Le nom bras nous vient, après avoir fait un détour par le latin, du grec. L’étymologie de ce nom peut nous amener à nous demander si avoir le bras long (« avoir de l’influence, des relations, du crédit ») n’est pas un oxymore et jouer petit bras (« être empêché par la crainte d’appuyer ses coups ») un pléonasme : le bras, c’est en effet ce qui est plus court, puisque brakhiôn, que les latins ont emprunté pour faire bracchium, forme d’où est issu le français bras, est, avec brakhuteros, un des comparatifs de brakhus, « court ». Mais, dira-t-on, plus court que quoi ? Sur la réponse à apporter à cette question, les avis des Anciens divergent. S’il faut en croire le De verborum significatione, de Pompeius Festus, un grammairien latin du iie siècle après Jésus-Christ : Brachium nos, Graeci dicunt brakhiôn, quod deducitur a brakhu, i. e. breve, eo quod ab umeris ad manus breviores sunt quam a coxis plantae (« Ce que nous appelons brachium, les Grecs l’appellent brakhiôn, mot tiré de brakhu, c’est-à-dire « court », parce que la distance qui va des épaules aux mains est plus courte que celle qui va des hanches à la plante des pieds »). Mais son contemporain Pollux de Naucratis, un grammairien grec, est d’un autre avis. Si le bras s’appelle ainsi, c’est parce que esti tou pêkheôs brakhuteros (« il (le bras) est plus court que l’avant-bras »).

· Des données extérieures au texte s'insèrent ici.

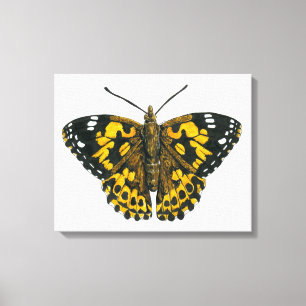 Dame met de distelvlinder canvas afdruk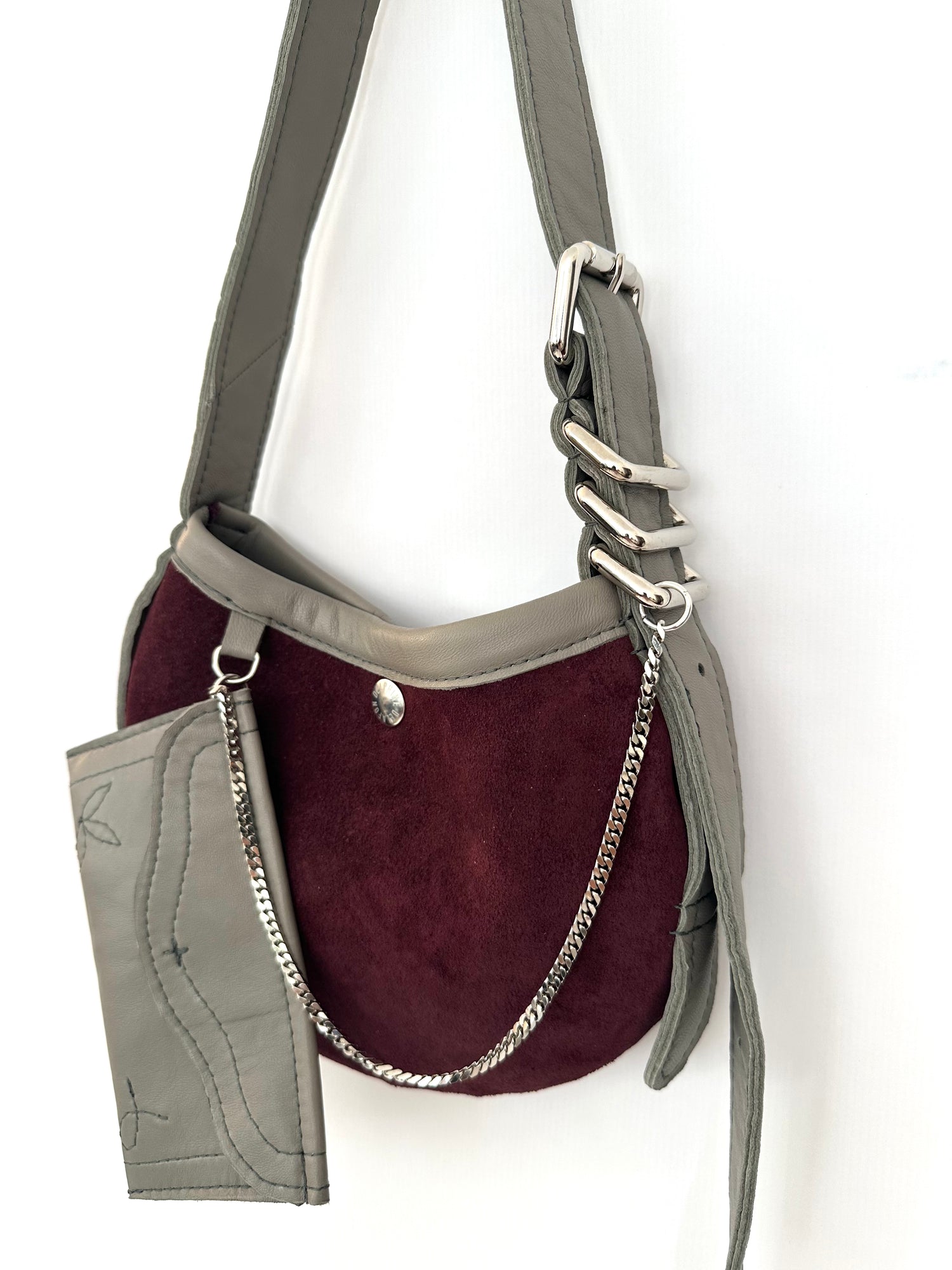 Mini Sac En Cuir Bordeaux / Gris + Porte Feuille Surpiqué Cowboy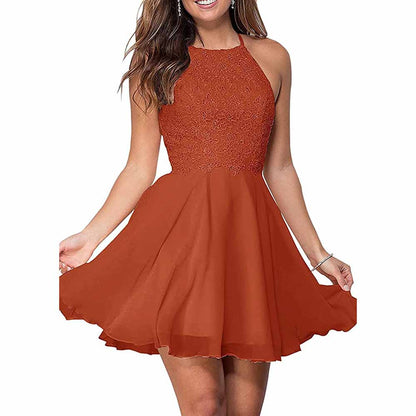 Women's Short Halter Homecoming Dress Knee Length Lace Prom Graduation Party Gown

Les choses se compliquent du fait que le grec brakhiôn désigne tantôt le bras proprement dit, c’est-à-dire la partie supérieure du membre, qui va de l’épaule au coude, et tantôt, par métonymie, l’ensemble composé du bras et de l’avant-bras, qui va par conséquent de l’épaule au poignet. De plus le grec avait encore d’autres termes à sa disposition : les mots agkôn, « bras » ou, mieux, « courbure du bras », et ses dérivés agkalai, « bras ouverts, qui embrassent », et angkalos, « ce qu’on prend dans les bras, brassée », puis « gerbe ». Ces extensions de sens existent aussi en français, puisque de bras on a tiré brasse, qui, avant de désigner un type de nage, a été une mesure de longueur, tout comme brassée, qui a désigné par la suite ce que l’on pouvait prendre dans ses bras. Enfin, en grec, bras se disait encore kheir, que nous traduisons généralement par « main », mais qui désigne aussi, comme le français bras, l’ensemble formé par le bras, l’avant-bras et la main. Ce nom kheir, qui est à l’origine des mots français commençant par chir-, se rencontre aussi dans le nom d’êtres monstrueux de l’Antiquité, les Hécatonchires, plus communément appelés les Cent-bras.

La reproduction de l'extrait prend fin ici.